Herd mentality can pay off in the short term, but it's likely to decimate your investment strategy in the long run. It's also a major contributor to the boom-and-bust cycles that have defined the equity markets for years. There's a big distinction between following targeted advice tailored to your needs and jettisoning healthy skepticism in pursuit of returns.
For instance, most mainstream investment professionals recommend buying individual equities on the strength of strong earnings reports and healthy prospects for future growth. Far fewer recommend the wholesale purchase of stock in debt-ridden firms that operate alongside these successful outfits simply because the space as a whole has decent prospects.
Nonetheless, many short-sighted investors enthusiastically plow money into poorly-performing firms in favored industries, citing the old maxim about rising tides lifting all boats. This is dangerous: While even the shoddiest firm may experience an inexplicable increase in market capitalization following a blowout earnings report from a larger competitor, its stock price will crash back to earth at the first sign of financial trouble. If you are going to defy conventional wisdom and play the odds like this, be sure to zero out your position before the party ends and everyone else does the same.
Herd psychology often begets loss aversion, which can be just as devastating. According to the research of prospect theory pioneers Daniel Kahneman and Amos Tversky, investors strongly prefer to avoid losses rather than secure gains. As a psychological mechanism, this is understandable: It's preferable to hang on to what you have than to risk it in pursuit of a payoff that's not guaranteed.
It's often an unsound market behavior, however. As the price of a given stock declines, many investors throw in the towel near the bottom of its dive in a process known as capitulation. Plenty of successful investors, from raging iconoclasts to supposedly conservative value-hunters, have made careers out of buying stocks immediately following these high-volume sell-offs.
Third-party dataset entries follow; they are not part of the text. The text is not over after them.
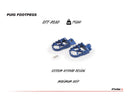 KTM RC 390 [2025] – R-Fighter footrests – silver-31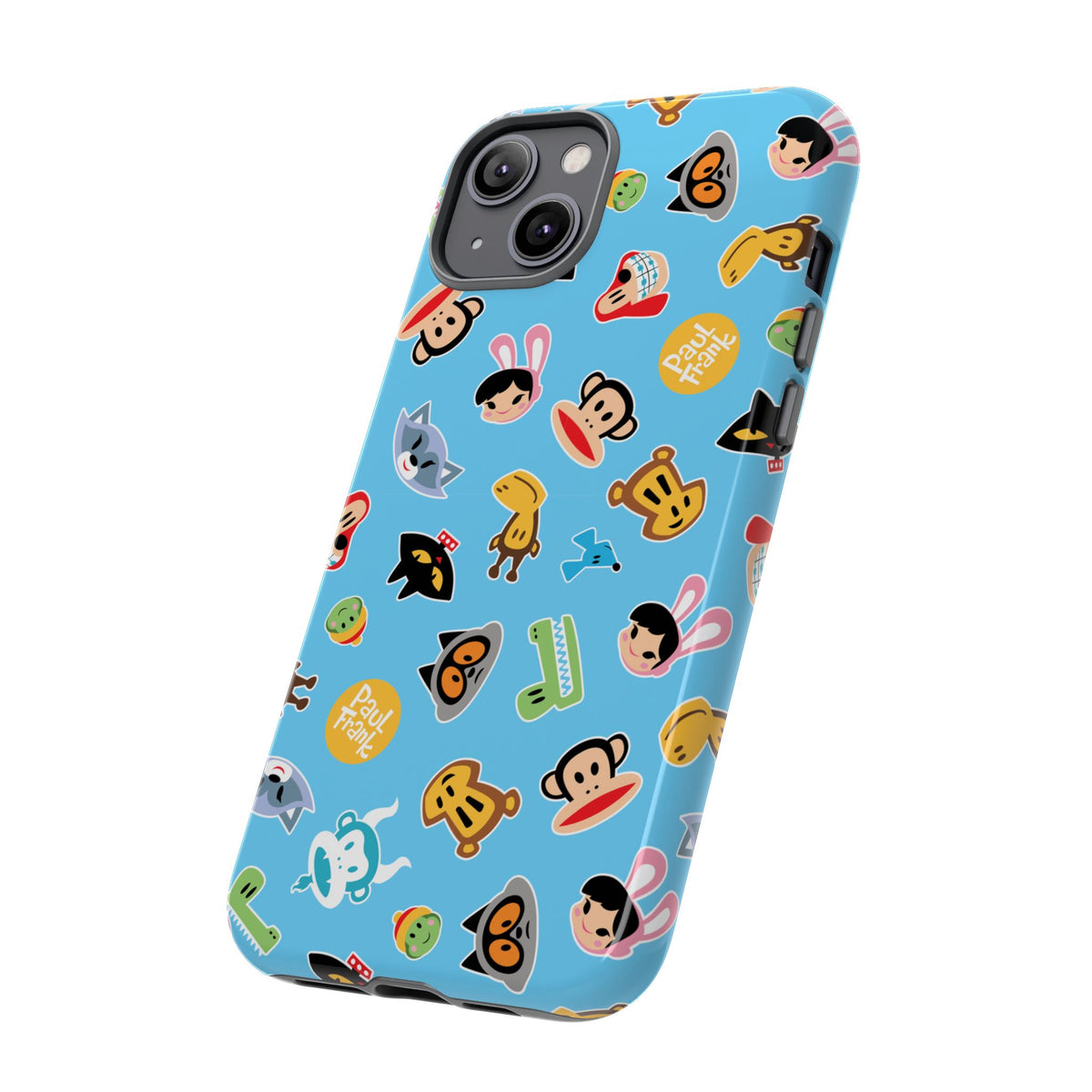 Julius &amp; Friends Tough Phone Case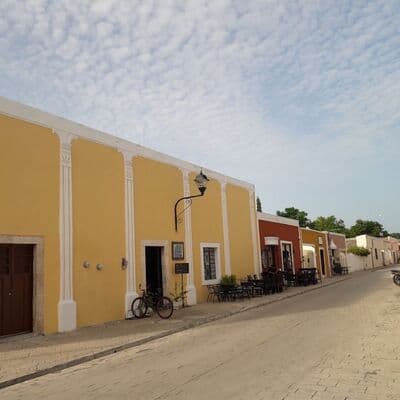 Calzada de los Frailes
Rather than give in to panic, take the long view and use these scary moments to "average down"—buying stocks that you already own at discounted prices.
Selling Poorly-Performing Equity
Of course, it's not always a bad idea to sell a poorly-performing equity after a major decline. The mean-reversion fallacy, which dictates that a given equity's value will necessarily recover somewhat after a fall, seduces inexperienced retail investors and seasoned professionals alike. If its value loss proves to be permanent, doubling down in the expectation that it will one day rise again is simply throwing good money after bad.
It's human nature to cling to what's familiar, but equity investing requires clear eyes and an unsentimental heart. Don't hold on to a poorly-performing stock simply because you've owned it for years and maintain an unfounded faith that it will turn around. Be especially careful of equities that decline even when the broader market is rising and consistently under-perform relative to their industry peers.
Applying the Value Test
When you're unsure of the reason behind a scary fall in one of your stocks, apply the value test: ask yourself if the underlying firm's financial fundamentals remain strong or if it looks like it's headed for trouble. In the former case, hang tight as the decline may be attributable to a temporary market imbalance.
Whether you've been investing your own money for 60 days or 60 years, you know by now that equities markets have a way of disrupting even the most well-reasoned planning. To minimize and eventually eliminate altogether the losses associated with common investing mistakes, carefully analyze the finances and market movements of each equity that you own and learn as much as possible about their business model and broader industry. More importantly, maintain an even keel and resist the urge to celebrate your gains or lament your losses. In the long run, a clear head carries the day.